**Work instructions**
Restate the listing below word for word; no pictures belong in the copy.

**Recorded data**

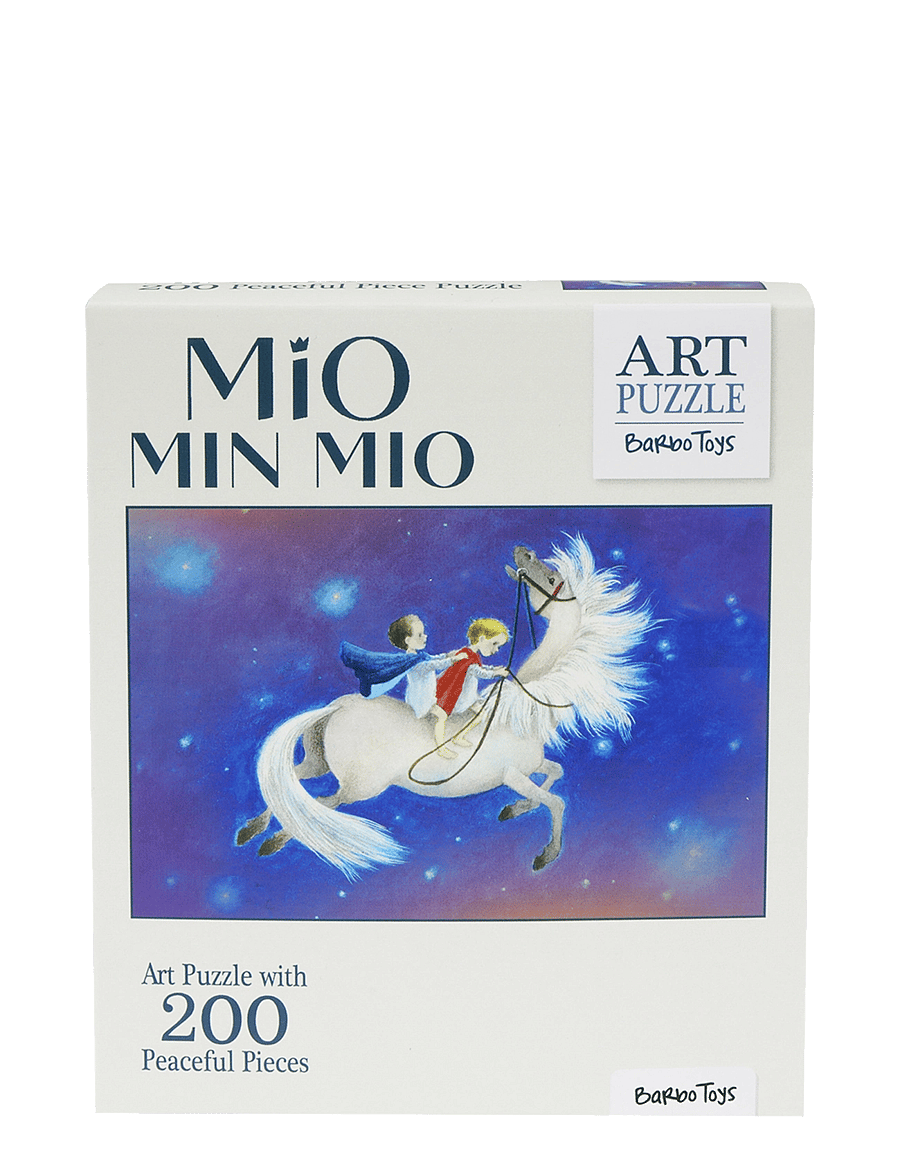Barbo Toys - Mio Min Mio - Art Puzzle - 200pcs - Flying - klassikalised pusled - multiple color - 3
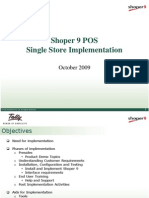 Shoper 9 POS Single Store Implementation | Tally   | Tally Chennai  | Tally Web Interface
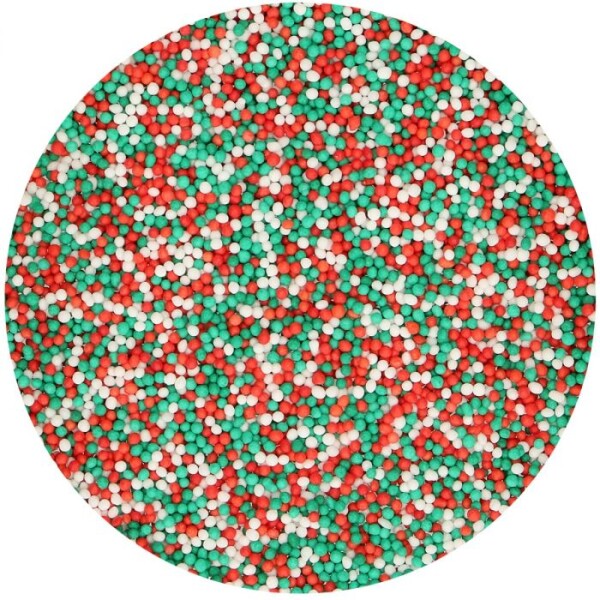FunCakes Cukrové zdobení Christmas Vánoční máček 80g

**Written reply**
Barbo Toys - Mio Min Mio - Art Puzzle - 200pcs - Flying - klassikalised pusled - multiple color - 3
 Shoper 9 POS Single Store Implementation | Tally   | Tally Chennai  | Tally Web Interface
FunCakes Cukrové zdobení Christmas Vánoční máček 80g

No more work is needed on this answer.